Recently, I worked on an interesting case where customer after upgrading an instance of SQL Server 2008 with SP1, the SQL server 2008 services and resources went into a stopped and failed state respectively. The services might appear to come online briefly for few seconds but will fail eventually. Let me share more about it and how I got that fixed.
Here is the environment details
Windows server 2003 R2 SP2 64 bit and versions and editions
SQL Server 2008 64 bit and all versions and editions
Clustered or Non clustered Instance of SQL Server 2008
· Scanning through the SQL Server error log after SQL Server 2008 was upgraded to SP1, could get below details.
Error: 5133, Severity: 16, State: 1
Directory lookup for the file "<path>\MSSQL10.<Instancename>\MSSQL\Data\temp_MS_AgentSigningCertificate_database.mdf" failed with the operating system error 3(The system cannot find the path specified.).
Error: 1802, Severity: 16, State: 1.
CREATE DATABASE failed. Some file names listed could not be created. Check related errors.

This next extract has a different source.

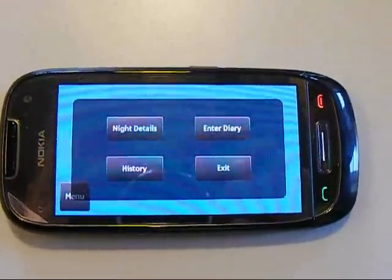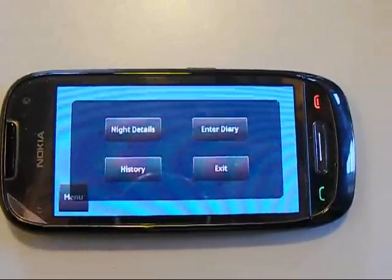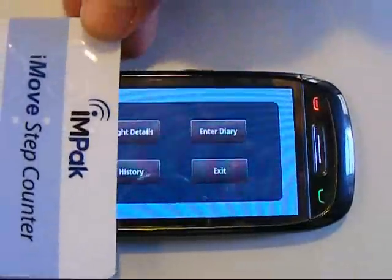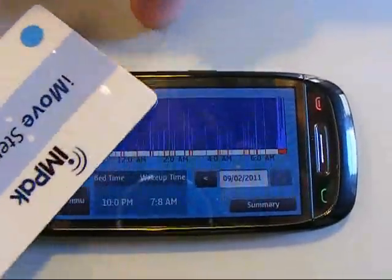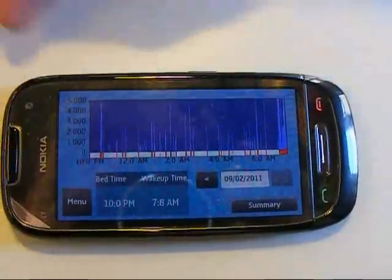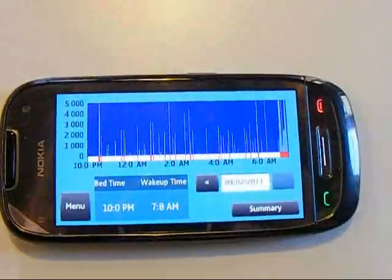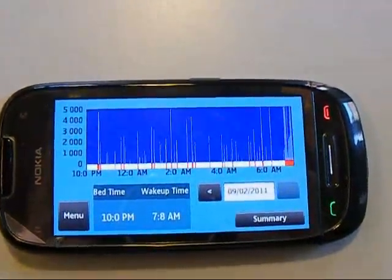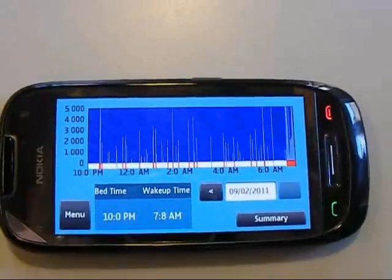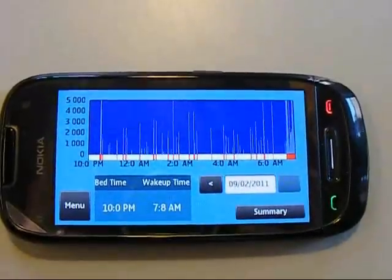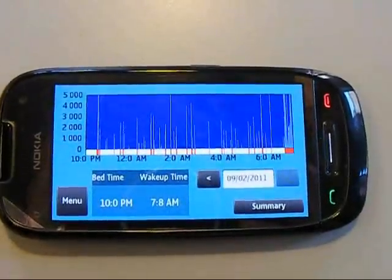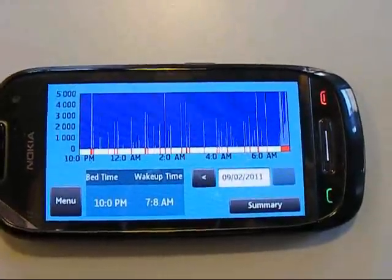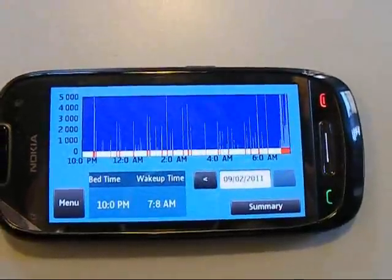So this is the sleep application. I put the sleep card on the phone and it reads the data. It will then take you to a view where you can see an actigraph of your last night's sleep.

· The following errors accompany the above errors. These errors signify that the upgrade script used to upgrade Master database was not executed successfully.

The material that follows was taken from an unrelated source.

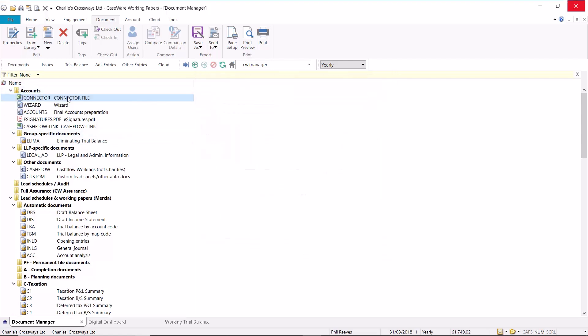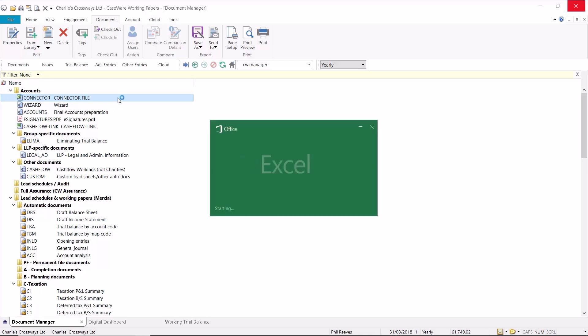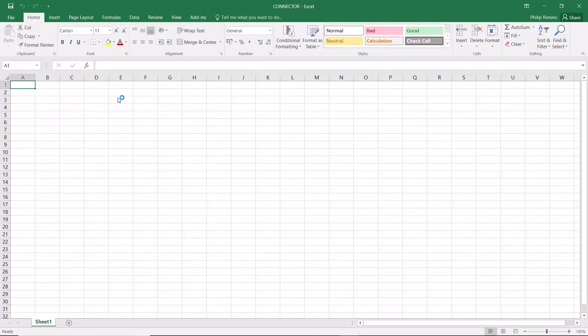This document can then be moved to the appropriate folder by dragging and dropping. It is important to note that Working Papers will automatically save the file in the same directory as the client file. Once this has been created, you can open the new document and create links with your Caseware Working Papers file.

Error: 912, Severity: 21, State: 2.
Script level upgrade for database 'master' failed because upgrade step 'sqlagent100_msdb_upgrade.sql' encountered error 598, state 1, severity 25. This is a serious error condition which might interfere with regular operation and the database will be taken offline. If the error happened during upgrade of the 'master' database, it will prevent the entire SQL Server instance from starting. Examine the previous errorlog entries for errors, take the appropriate corrective actions and re-start the database so that the script upgrade steps run to completion.
Error: 3417, Severity: 21, State: 3.
Cannot recover the master database. SQL Server is unable to run. Restore master from a full backup, repair it, or rebuild it. For more information about how to rebuild the master database, see SQL Server Books Online.

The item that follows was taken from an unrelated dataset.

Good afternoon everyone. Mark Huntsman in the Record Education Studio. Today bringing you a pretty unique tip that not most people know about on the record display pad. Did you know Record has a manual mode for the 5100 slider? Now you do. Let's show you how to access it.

· Additionally, we might see the following errors in the Application event logs
MSSQLSERVER Error Failover 19019 N/A <Server Name> "[sqsrvres] CheckServiceAlive: Service is dead
SQLSERVERAGENT Information Service Control 102 N/A <Server Name> SQLServerAgent service successfully stopped.
MSSQLSERVER Error Failover 19019 N/A <Server Name> "[sqsrvres] OnlineThread: Error 1 bringing resource online.
MSSQLSERVER Error Failover 19019 N/A <Server Name> "[sqsrvres] OnlineThread: service stopped while waiting for QP.
· SQL Server setup creates a database with the data file named temp_MS_AgentSigningCertificate_database.mdf during the process of installation
· The above error is returned when SQL Server is not able to create that database in the default data path because the system cannot find the path specified
· There could be various reasons as to why the path cannot be found. One of the situations could be that the path is invalid.
· Firstly, we can check if this is a valid path. Since we are seeing an operating system error 3 the path is definitely not valid
· Please Note: We will not find this file anywhere on the machine as this is a temporary database that is created only for the sake of setup and will not persist after the setup
· The registry Key that we can check for the Default Data Path is
o HKEY_LOCAL_MACHINE\SOFTWARE\Microsoft\Microsoft SQL Server\MSSQL10.<Instance Name>\Setup\SQLDataRoot
· If this key has an erroneous path we can change that and restart the services for SQL Server to solve the issue
· Else if this key has the correct data path and still the error message shows an invalid path then we can visit the following registry hive
o HKEY_LOCAL_MACHINE\SOFTWARE\Microsoft\Microsoft SQL Server\MSSQL10.<Instance Name>\MSSQLServer
· I was able to identify the above registry hive by simply searching the registry for some portion of the path given in the error
· We might find keys like "backupdirectory", "defaultdata" and "defaultlog" having the invalid path in them. The most obvious ones that we need to change are "defaultdata" and "defaultlog"
· We have to change their values to the one we see under HKEY_LOCAL_MACHINE\SOFTWARE\Microsoft\Microsoft SQL Server\MSSQL10.<Instance Name>\Setup\SQLDataRoot
· Now we should be able to start the services without any issues
· We can also look into the Errorlog and see if the upgrade script for the Master database was executed successfully.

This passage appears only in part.